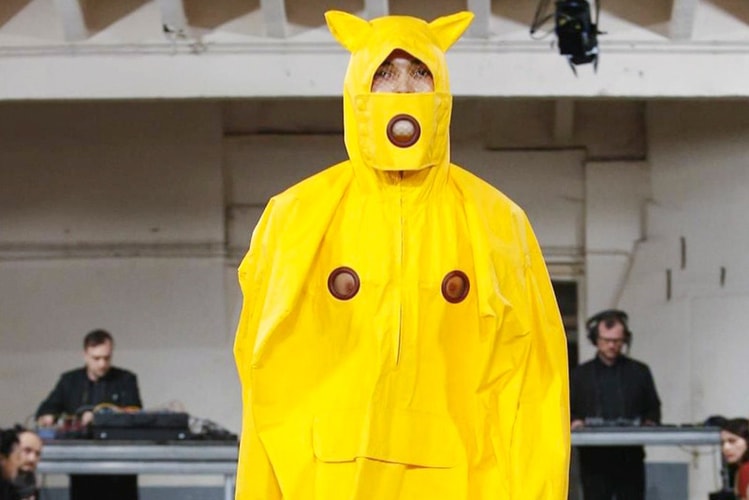 Walter Van Beirendonck Prend Des Airs Animaliers Pour L’Automne/Hiver 2018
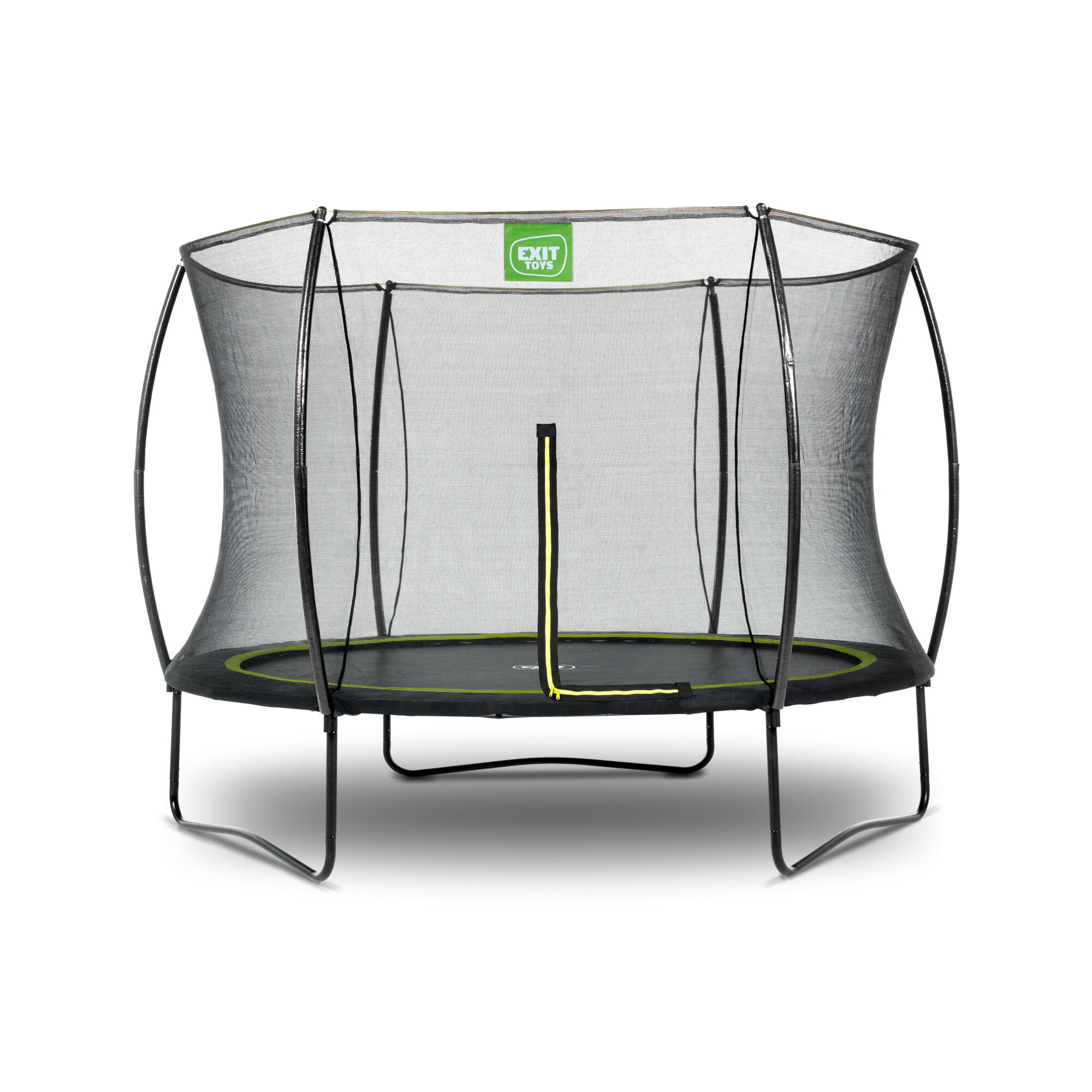 EXIT Toys Trampolin »EXIT Silhouette«, Ø 244 cm, max. Belastung: 50 kg, inkl. Sicherheitsnetz - schwarz - Bild 4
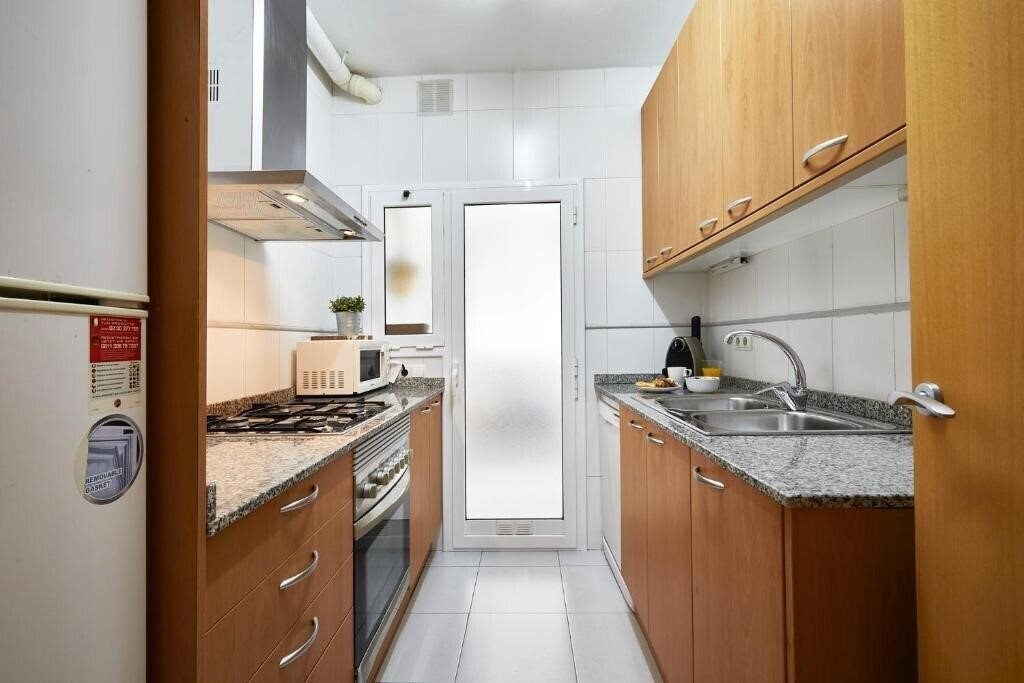 Картинка Barcelona Marina Flats 3*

REQUIRED WORK
Skip the pictures and write out exactly the lines from the line containing "EXIT Toys Trampolin" through the end of the listing above.

SOLVED EXERCISE
 EXIT Toys Trampolin »EXIT Silhouette«, Ø 244 cm, max. Belastung: 50 kg, inkl. Sicherheitsnetz - schwarz - Bild 4
 Картинка Barcelona Marina Flats 3*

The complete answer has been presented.